Members of Amalgamated Union of Public Corporations, Civil Service Technical and Recreational Services Employees (AUPCTRE), in collaboration with Public Services International (PSI) and Environmental Right Action (ERA), have cautioned against privatising water.

The unions said water is a right, which cannot be priced.They urged the public to oppose the proposal, adding that the situation might compound what they described as the "global water supply crisis".

In a statement by AUPCTRE President, Adelegan Solomon and General Secretary Yusuf Zambuk, the union said: "We have been voicing out our concerns for the broken promises of water privatisation under the guise of Public-Private Partnership (PPPs). This is because PPPs are more concerned about profits maximisation, which is imperative of the private sector.

"These broken promises include but not limited to corruption, lack of transparency, contract and financial manipulation, poor service quality; under-investment, unsustainable and unbearable tariffs, which will make water inaccessible to the majority of the citizenry and inadequate financing."

The statement said as a result of these obvious realities, more cities and governments are bringing water back to public hands, not only in Africa, but also in the global north.

The unions warned that while maximising profits under PPP or privatisation, the public is made to drink unsafe water and become vulnerable to water-related diseases, such as cholera, diarrhoea, typhoid fever. These result to mass deaths and also make governments spend more in providing health services to the citizenry.

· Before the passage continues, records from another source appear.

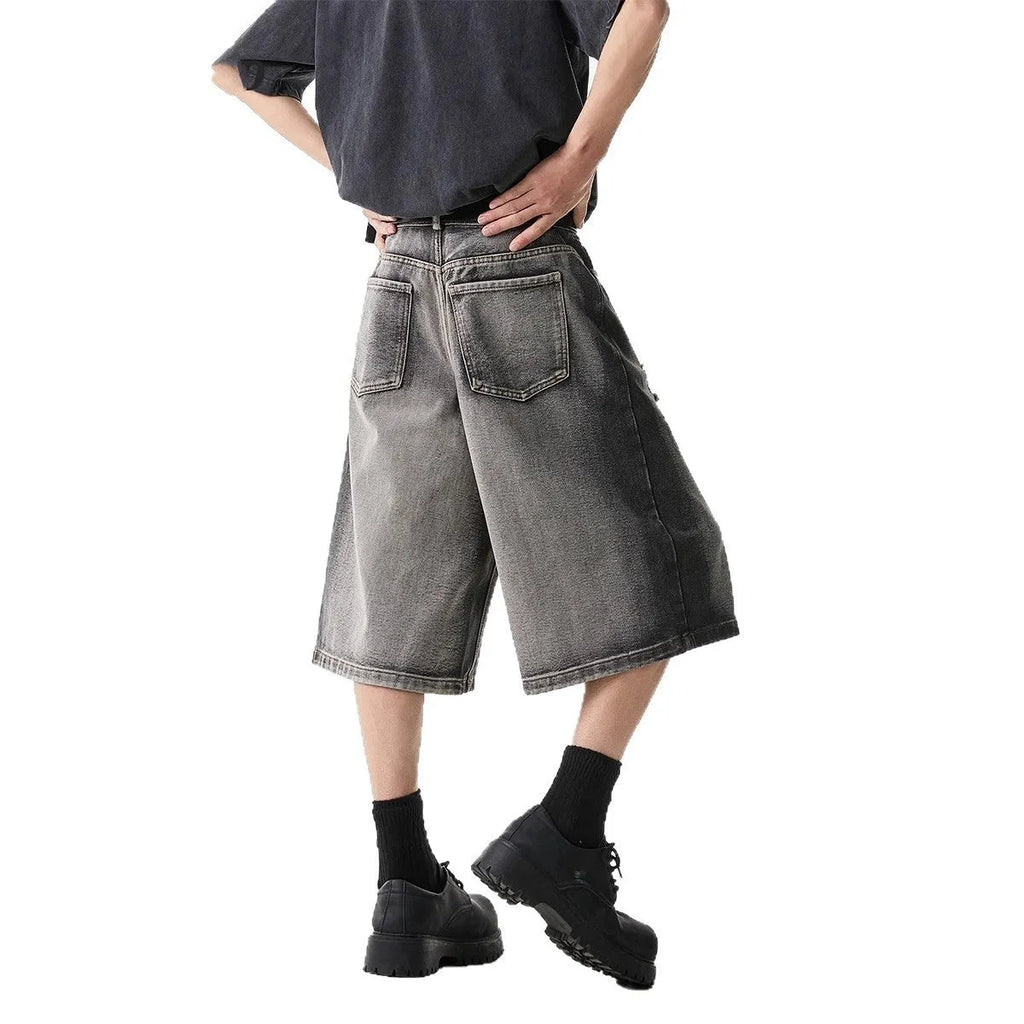 Grey water washed hole denim shorts with loose fit and cropped length on hanger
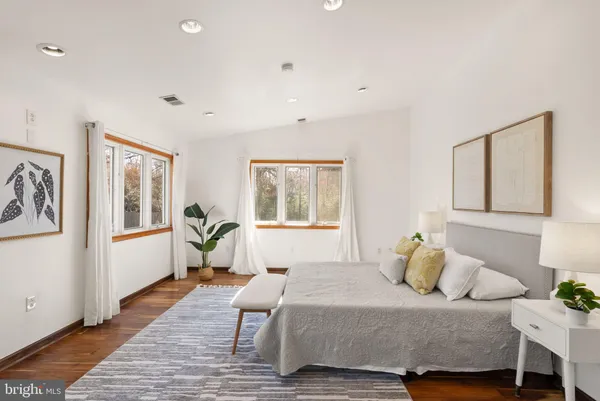 a spacious bedroom with a bed and a table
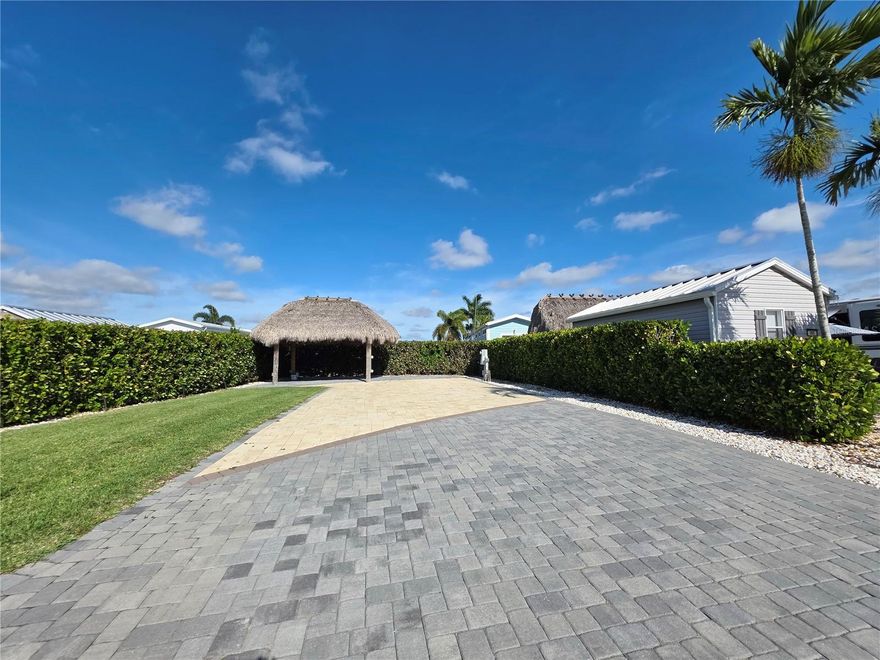 LOCATION, LOCATION, LOCATION! Motivated Seller! 
This is not just an RV pad—it's a fully developed tropical retreat. With full pavers, lush mature privacy 
landscaping, a beautifully built tiki hut, and prime placement across from the newer bathhouse with the 
easiest in and out of any lot! This property stands out as one of the most desirable lots in the resort.
Lot Features include: Full paver driveway in pristine condition lined by large river rocks making for easy maintenance. 
Mature beautiful Clusia trees with a built-in soaker line, surrounding the entire lot, creating a lush, 
private tropical barrier. 
• Expansive tiki hut featuring: wood beam construction, modern ceiling fan, mounted outdoor TV and power outlets throughout the Tiki for convenience. 
• Beautiful green lawn maintained by a full sprinkler/irrigation system 
• Meticulously serviced year-round, including pest treatment 
• Power, water and sewer stubbed for a casita 
• Easy pull-in/pull-out design, perfect for any size RV, fifth wheel, or Class A 
• Peaceful location with friendly neighbors and wide open green-space views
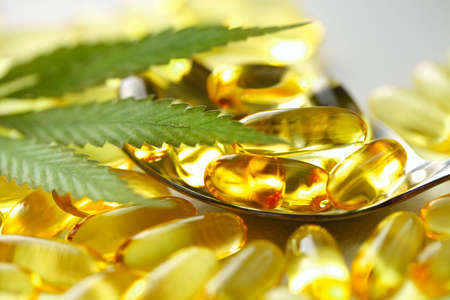 Cannabis CBD Tablets, Hemp CBD Oil Gelatin Capsules, Edible Organic Food Supplementsの写真素材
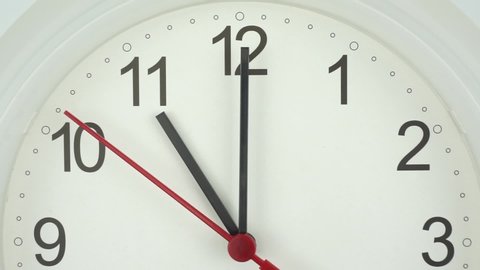 
The beginning of time 11.00 am or pm, Closeup White wall clock Red second hand minute Walk slowly, Time concept.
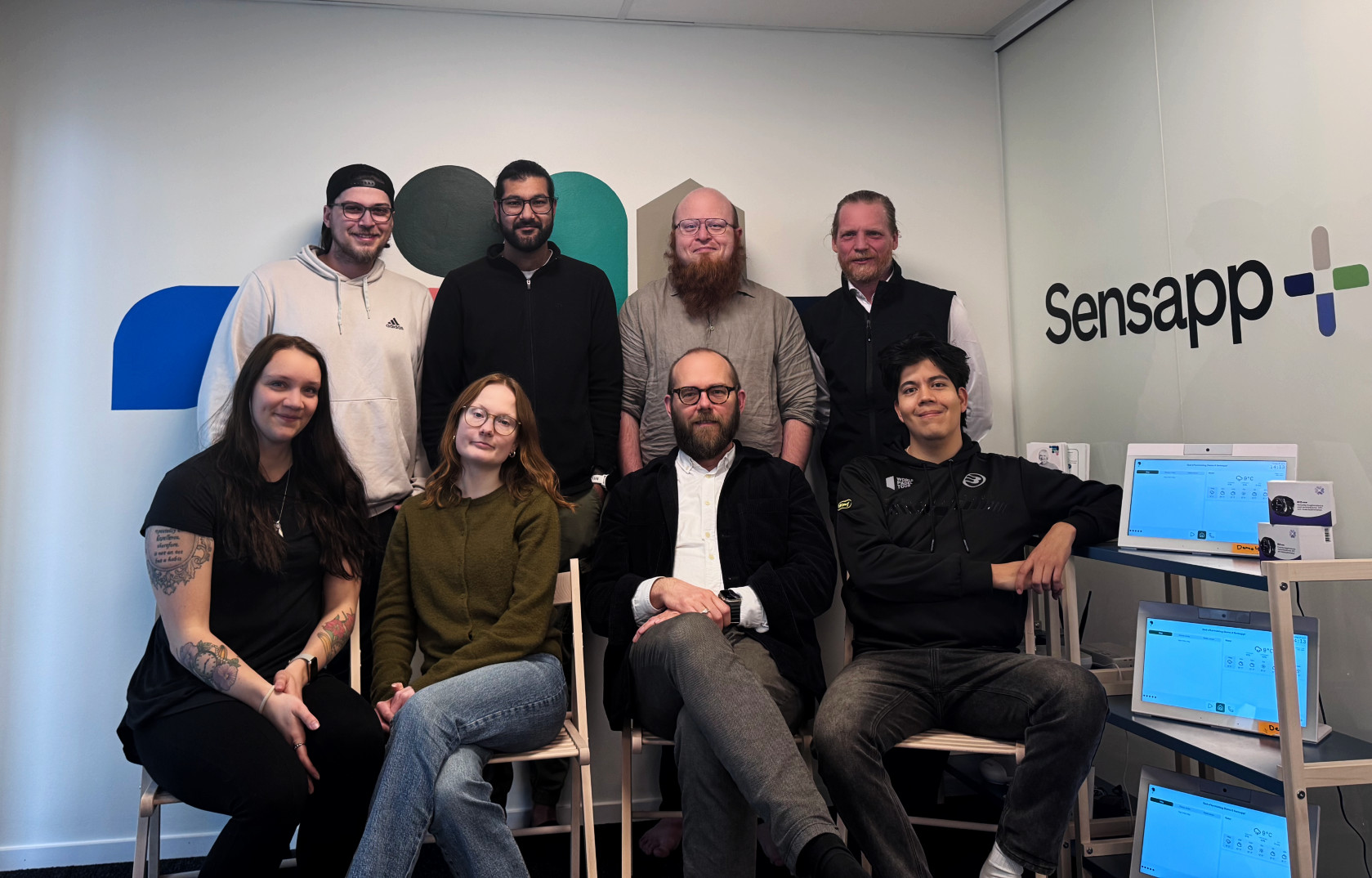 Sensapps team samlat framför företagslogotypen i de nya lokalerna i Göteborg – åtta medarbetare, fyra stående och fyra sittande, bredvid en hylla med Bubblan-enheter.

To improve the effectiveness of one partner in providing public water supply and or sanitation services, the unions suggested a Public-Public Partnership (PuP) as an alternative to the Public-Private-Partnership arrangement.

"To us, PUP means an alternative to the PPP, which is Public-Public Partnership. PuPs are peer relationships forged around common values or interests and objectives, which exclude profit seeking. The absence of commercial considerations allows public partners to re-invest all available resources into the development of local capacity, to build a mutual trust which translates into long term capacity gains, and to incur low transaction costs, the unions said.

According to them, the comparative advantage of PUPs over PPPs extends to more ample opportunities for replication and scaling up.